Ashikaga is a city with abundant nature where numerous historical temples and shrines remain. Besides those found in the city center, you will find cultural treasures that are a little different from the ordinary, if you head out to the suburbs. The Nagusa Megaliths are among these. Located upstream from where fireflies live along the Nagusa River is this mystical place of scenic beauty, whose rocks have been revered as a dwelling of the gods since ancient times.

It is said that these giant rocks were originally formed by a body of granitic magma that cooled during the Cretaceous Period to a diameter of about 1.5 kilometers. Rare in Japan, these megaliths show the “onion weathering” phenomenon that is characteristic of this granite. In recognition of their academic value, they were designated as Natural Monuments by the Japanese Government in 1939.

The highlight of this site is Itsukushima Shrine, built on top of two of the largest rocks.

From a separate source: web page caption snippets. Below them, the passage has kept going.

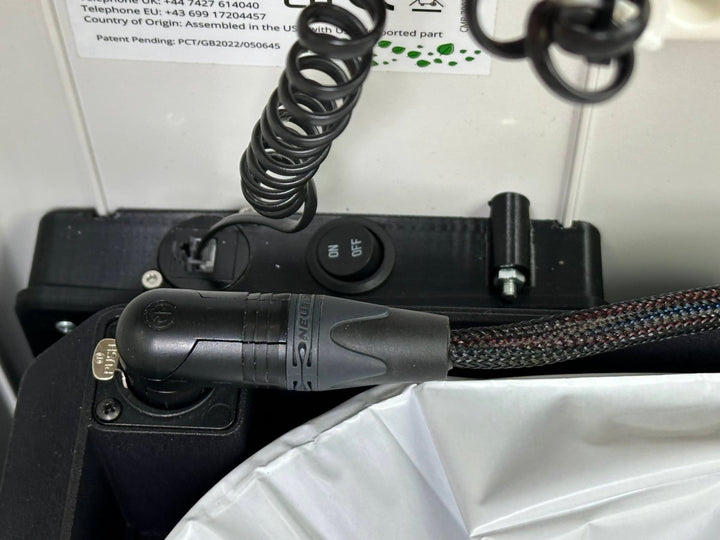 S1 Dry Flush Adapter Kit - HikeWare  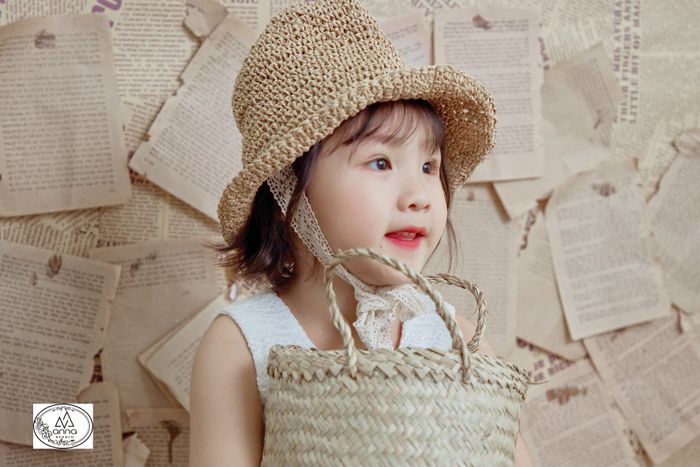 ANNA Studio - Nét đẹp thuần khiết của tình mẫu tử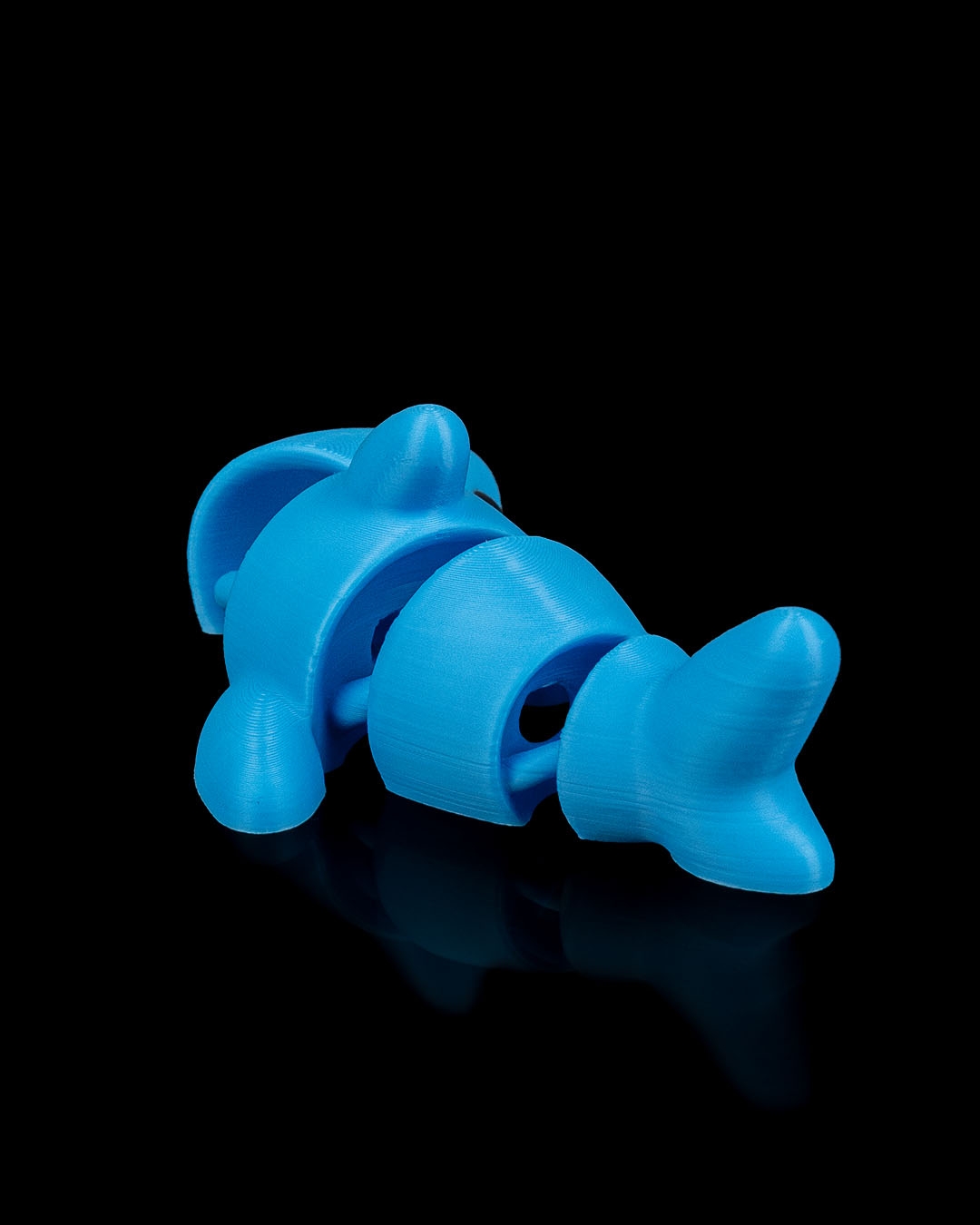 Shark in Ocean Rest - Image 6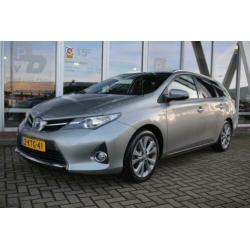 Toyota Auris 1.8 HYBRID TOURING SPORTS PANODAK/CAMERA/NAVI/L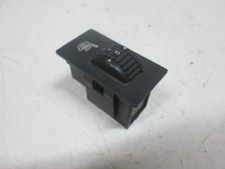 Manopola riscaldamento sedile anteriore per Lancia Phedra, Fiat Ulysse[4930.18]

According to legend, Itsukushima Shrine was established at the beginning of the Heian Era during the Konin Period (810-824) by Kobo Daishi, the monk who brought Buddhism to Japan, to enshrine the goddess Benzaiten. Dedicated to the gods, the largest rock is about 11 meters high, with a circumference of approximately 30 meters. Although it may appear small at first glance, the triangular headstone is about 3 meters tall. By the way, if you pass though the space between these sacred stones, it is said that you are “going through the womb”. Once you come out on the other side, it is believed that you will be blessed with conception and safe childbirth.

Besides this, you’ll find a rock split right down the middle, called Benkei no Tewari Ishi, or “Hand-Warping Stone”. It is so named because it looks like the Buddhist monk Benkei stood on top of the rock, became two Nio demons, and split the rock in half.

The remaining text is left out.